EXERCISE: List every line below containing "Blue".

INFORMATION SHOWN:
[Start of section]

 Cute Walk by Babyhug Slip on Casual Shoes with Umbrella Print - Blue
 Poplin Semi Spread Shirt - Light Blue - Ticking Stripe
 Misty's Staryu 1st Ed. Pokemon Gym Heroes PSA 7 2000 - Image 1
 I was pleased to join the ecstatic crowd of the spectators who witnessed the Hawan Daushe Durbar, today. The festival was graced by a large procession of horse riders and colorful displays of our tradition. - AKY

[End of section]

RESPONSE TO THIS TASK:
 Cute Walk by Babyhug Slip on Casual Shoes with Umbrella Print - Blue
 Poplin Semi Spread Shirt - Light Blue - Ticking Stripe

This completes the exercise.